The Care Quality Commission (CQC) has found improvements need to be made by Nottinghamshire Healthcare NHS Foundation Trust following inspections from October to December last year, which sees the ratings of two services drop from requires improvement to inadequate.
Unannounced focused inspections were carried out at the trust’s acute wards for adults of working age and psychiatric intensive care units (PICU) and wards for older people with mental health problems, due to information of concern received about the safety and quality of these services.
Following the inspections, the following ratings were given at each service:
Acute wards for adults of working age and PICU: The overall rating has dropped from requires improvement to inadequate. Safe and well-led have again been rated inadequate. Effective, caring and responsive were not included in this inspection and remain rated requires improvement.
Following this inspection, CQC told the trust they must make improvements to mitigate urgent risks. The trust responded with an action plan to mitigate the risks which gave CQC assurance.
Wards for older people with mental health problems: The overall rating as well as safe and well-led has declined from requires improvement to inadequate. Being effective was again re-rated as requires improvement. Responsive was not included in this inspection and remains rated as requires improvement. Caring was not included and remains rated as good.
Greg Rielly, CQC deputy director of operations in the midlands, said:
“When we inspected acute wards for adults of working age and psychiatric intensive care units (PICU), as well as wards for older people with mental health problems, it was concerning to find a lack of oversight from leaders across the services. We also found staff weren’t always being kind and respectful to the people they were caring for.
“When we visited Cherry ward for older people, there was a significant impact on staffing due to a serious incident which took place last November. That incident resulted in a number of staff being suspended, which heavily impacted on the standard of care people were receiving due to staffing levels.

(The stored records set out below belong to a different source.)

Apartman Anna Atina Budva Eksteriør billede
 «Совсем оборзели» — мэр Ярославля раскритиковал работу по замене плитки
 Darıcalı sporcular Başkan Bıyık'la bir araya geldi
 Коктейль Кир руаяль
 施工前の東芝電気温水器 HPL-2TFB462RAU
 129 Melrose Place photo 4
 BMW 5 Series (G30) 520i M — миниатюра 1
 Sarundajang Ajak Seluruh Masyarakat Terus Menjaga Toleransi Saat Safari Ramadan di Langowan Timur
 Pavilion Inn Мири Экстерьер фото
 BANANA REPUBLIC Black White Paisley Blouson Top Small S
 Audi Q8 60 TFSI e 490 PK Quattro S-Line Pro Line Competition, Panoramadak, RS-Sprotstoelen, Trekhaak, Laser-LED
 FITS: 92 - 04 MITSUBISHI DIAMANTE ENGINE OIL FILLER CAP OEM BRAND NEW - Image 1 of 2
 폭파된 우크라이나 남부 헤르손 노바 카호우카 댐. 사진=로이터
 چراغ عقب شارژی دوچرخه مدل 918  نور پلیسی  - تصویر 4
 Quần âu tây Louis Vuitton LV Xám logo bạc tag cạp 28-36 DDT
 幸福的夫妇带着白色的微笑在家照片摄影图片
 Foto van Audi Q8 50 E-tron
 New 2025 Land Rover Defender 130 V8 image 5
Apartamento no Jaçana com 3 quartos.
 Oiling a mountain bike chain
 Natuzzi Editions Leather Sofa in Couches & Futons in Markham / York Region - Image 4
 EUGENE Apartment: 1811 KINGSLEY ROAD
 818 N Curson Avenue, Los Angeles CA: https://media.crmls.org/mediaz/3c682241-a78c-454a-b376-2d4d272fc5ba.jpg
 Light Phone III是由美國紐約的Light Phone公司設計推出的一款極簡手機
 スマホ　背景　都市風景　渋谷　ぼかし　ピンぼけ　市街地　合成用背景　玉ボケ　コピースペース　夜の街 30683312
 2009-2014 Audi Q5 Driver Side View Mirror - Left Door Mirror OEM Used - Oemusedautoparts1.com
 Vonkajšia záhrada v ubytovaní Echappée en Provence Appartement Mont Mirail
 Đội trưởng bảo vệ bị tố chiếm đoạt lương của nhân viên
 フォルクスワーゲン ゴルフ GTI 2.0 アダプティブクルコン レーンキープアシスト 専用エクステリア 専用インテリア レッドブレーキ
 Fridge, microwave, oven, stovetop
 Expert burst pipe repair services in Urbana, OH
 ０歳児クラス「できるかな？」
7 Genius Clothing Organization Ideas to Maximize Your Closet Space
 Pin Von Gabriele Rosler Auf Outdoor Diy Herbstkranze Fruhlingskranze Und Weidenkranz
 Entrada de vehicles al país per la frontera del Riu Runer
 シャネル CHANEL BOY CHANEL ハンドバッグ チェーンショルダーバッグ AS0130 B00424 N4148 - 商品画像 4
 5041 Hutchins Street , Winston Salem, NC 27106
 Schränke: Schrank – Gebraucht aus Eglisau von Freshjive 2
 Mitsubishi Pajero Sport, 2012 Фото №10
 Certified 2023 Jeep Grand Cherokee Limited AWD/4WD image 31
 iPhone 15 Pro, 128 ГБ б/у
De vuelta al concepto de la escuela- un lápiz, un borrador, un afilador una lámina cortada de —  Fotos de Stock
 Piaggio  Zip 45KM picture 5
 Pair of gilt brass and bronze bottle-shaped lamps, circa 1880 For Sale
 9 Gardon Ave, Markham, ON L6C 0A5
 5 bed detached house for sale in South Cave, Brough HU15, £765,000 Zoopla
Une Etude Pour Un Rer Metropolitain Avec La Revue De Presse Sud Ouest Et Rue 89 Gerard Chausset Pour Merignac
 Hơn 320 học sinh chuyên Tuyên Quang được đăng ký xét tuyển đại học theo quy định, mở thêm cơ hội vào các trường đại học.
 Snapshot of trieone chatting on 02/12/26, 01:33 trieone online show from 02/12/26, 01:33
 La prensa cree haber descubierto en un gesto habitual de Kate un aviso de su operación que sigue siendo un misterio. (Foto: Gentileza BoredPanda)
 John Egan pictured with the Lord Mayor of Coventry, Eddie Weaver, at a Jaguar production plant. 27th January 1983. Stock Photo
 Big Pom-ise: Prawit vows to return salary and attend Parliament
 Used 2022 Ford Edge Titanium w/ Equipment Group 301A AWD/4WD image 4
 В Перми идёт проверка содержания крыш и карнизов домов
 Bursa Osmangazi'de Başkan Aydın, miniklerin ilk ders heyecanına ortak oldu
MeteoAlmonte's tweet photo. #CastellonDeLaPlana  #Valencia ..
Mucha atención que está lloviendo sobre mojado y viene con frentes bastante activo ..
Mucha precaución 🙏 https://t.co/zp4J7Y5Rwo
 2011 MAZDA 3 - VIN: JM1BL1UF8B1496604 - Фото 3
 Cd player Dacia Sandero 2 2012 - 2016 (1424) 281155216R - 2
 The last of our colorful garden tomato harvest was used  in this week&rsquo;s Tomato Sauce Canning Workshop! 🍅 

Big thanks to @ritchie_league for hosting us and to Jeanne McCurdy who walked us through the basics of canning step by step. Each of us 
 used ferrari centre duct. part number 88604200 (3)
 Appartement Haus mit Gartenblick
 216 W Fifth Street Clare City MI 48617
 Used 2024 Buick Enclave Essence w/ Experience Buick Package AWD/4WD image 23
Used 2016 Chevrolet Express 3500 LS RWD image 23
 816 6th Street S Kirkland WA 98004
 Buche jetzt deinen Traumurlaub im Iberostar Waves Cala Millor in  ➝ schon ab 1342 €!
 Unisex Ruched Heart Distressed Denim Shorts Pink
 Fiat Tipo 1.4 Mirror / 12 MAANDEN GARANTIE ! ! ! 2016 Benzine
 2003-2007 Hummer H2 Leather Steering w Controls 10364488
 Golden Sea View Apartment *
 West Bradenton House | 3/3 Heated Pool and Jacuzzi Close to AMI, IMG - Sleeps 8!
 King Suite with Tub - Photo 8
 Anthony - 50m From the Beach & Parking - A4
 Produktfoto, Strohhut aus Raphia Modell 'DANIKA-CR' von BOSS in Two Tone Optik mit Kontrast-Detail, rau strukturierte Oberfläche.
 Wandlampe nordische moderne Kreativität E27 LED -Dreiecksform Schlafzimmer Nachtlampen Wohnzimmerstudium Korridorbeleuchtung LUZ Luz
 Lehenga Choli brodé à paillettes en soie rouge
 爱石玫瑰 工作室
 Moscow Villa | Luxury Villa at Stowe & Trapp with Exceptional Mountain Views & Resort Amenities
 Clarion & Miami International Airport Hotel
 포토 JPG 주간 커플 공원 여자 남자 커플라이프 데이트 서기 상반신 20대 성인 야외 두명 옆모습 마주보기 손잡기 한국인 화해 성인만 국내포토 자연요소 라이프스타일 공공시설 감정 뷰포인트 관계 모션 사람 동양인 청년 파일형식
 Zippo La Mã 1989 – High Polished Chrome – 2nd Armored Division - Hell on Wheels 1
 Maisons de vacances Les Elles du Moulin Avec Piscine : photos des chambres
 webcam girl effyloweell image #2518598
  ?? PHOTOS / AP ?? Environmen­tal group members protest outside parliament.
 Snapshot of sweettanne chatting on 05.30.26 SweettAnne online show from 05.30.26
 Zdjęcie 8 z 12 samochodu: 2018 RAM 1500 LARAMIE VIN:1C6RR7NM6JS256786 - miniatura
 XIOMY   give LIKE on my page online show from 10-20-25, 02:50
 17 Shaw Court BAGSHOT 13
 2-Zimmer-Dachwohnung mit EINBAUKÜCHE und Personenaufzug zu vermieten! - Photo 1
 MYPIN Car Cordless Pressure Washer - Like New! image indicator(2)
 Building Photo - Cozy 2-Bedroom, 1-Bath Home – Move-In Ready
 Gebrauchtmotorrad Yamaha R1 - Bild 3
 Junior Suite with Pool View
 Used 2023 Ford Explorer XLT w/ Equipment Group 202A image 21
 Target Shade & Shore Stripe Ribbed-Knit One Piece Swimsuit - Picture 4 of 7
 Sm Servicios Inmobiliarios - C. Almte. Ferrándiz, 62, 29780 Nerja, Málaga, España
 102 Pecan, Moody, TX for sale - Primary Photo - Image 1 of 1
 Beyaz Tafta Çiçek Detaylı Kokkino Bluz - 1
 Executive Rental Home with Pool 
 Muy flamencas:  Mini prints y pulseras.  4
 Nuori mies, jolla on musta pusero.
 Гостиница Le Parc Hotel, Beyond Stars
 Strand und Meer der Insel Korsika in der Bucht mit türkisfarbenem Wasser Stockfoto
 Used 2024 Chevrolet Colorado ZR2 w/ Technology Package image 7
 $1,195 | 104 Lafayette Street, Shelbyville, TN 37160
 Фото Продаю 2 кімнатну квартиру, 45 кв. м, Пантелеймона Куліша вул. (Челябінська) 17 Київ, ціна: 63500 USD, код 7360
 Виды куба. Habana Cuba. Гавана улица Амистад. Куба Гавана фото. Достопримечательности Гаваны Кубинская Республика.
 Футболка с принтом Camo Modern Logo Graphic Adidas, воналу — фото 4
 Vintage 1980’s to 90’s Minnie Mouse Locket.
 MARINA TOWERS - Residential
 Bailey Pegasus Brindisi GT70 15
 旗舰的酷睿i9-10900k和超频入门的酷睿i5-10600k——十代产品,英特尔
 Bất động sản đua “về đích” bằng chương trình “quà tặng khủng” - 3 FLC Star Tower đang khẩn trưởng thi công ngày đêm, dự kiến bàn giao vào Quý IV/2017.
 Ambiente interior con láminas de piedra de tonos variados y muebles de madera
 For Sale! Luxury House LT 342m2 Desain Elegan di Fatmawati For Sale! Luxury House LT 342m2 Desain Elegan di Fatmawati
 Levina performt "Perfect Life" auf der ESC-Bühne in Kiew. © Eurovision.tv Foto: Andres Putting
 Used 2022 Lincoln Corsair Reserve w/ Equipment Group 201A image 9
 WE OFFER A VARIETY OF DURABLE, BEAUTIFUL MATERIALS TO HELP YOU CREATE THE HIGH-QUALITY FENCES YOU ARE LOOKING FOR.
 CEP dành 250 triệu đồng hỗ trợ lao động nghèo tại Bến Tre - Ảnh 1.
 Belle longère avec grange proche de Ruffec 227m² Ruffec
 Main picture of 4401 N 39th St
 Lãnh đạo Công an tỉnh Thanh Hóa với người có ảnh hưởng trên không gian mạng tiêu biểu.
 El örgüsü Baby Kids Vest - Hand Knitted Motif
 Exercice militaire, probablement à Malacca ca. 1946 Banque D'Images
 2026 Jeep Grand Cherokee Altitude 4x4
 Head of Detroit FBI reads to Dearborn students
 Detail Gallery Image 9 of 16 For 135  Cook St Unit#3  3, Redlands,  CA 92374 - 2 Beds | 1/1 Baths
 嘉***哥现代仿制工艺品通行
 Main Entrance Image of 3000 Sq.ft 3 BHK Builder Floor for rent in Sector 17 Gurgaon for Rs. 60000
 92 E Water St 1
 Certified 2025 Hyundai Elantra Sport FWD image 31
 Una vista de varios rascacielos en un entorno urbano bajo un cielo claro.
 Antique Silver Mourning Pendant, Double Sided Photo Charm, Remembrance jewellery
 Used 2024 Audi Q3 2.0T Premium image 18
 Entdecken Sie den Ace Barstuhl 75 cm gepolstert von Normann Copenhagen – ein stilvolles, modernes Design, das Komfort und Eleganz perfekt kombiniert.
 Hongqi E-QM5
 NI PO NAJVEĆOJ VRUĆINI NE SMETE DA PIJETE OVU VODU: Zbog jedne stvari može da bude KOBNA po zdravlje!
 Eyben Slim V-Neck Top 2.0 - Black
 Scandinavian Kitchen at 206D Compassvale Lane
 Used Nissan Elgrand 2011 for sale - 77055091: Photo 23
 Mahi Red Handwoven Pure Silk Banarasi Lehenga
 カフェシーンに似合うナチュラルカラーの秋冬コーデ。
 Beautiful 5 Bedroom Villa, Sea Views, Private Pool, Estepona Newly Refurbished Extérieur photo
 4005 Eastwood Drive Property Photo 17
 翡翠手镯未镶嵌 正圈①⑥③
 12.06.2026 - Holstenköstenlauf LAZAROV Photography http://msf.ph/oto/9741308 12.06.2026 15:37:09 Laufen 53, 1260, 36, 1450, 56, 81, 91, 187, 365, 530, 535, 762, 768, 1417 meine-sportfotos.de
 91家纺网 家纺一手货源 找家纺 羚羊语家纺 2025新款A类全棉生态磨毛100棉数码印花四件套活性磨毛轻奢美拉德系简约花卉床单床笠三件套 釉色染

“A trust investigation of close circuit television (CCTV) found that these staff had falsified care records to show that observations had been done when they hadn’t. Our inspectors also reviewed CCTV footage in the acute wards for adults of working age and PICU and found staff had assaulted people causing physical harm. There had been four occasions where two people had been physically assaulted on Elm ward. The staff involved had been suspended and the trust have investigated the incidents.
“This is totally unacceptable behaviour and must be addressed by the trust as a priority. Leaders must take urgent action to have better oversight of issues, to ensure people are safe and receiving the care they deserve.
“Since the inspection, we have told the trust where we need to see rapid and widespread improvements and have issued requirement notices, so they know where they need to focus their attention. We will continue to monitor the trust closely whilst these improvements are being made to keep people safe. If we’re not assured improvements have been made and embedded, we will not hesitate to use further enforcement powers to keep people safe.”
Inspectors found at acute wards for adults of working age and PICU:
- There was an inconsistent approach to recording people’s details when they accessed leave from their wards
- There was an inconsistent approach on which documentation to use when recording seclusion observations
- There were ligature risks which had not been identified or acted on to reduce the risk of harm to people
- There was a high use of agency staff due to staff vacancies
- Staff did not always share key information to keep people safe when handing over their care to others
- Staff did not always raise concerns and report incidents and near misses in line with trust policy
- The service did not always learn from incidents.
However:
- All wards were clean well equipped, well furnished.
Inspectors found at wards for older people with mental health problems:
- There were missing signatures on the administration of people’s medicines
- There were examples where sedative medication had been administered against the prescribed dose and against medical advice
- There was an inconsistent approach on which documentation to use when recording people’s risks
- There was an inconsistent approach in the completion of charts that were being completed by staff
- There were wards that did not have single ensuite rooms, and dormitories were still in place on three out of the four wards visited
- There was no assurance that people’s dietary intake was being effectively completed by staff
- There was no assurance that management had timely oversight over data collected by staff regarding people’s risk
However:
- Activities were taking place on two out of four wards visited.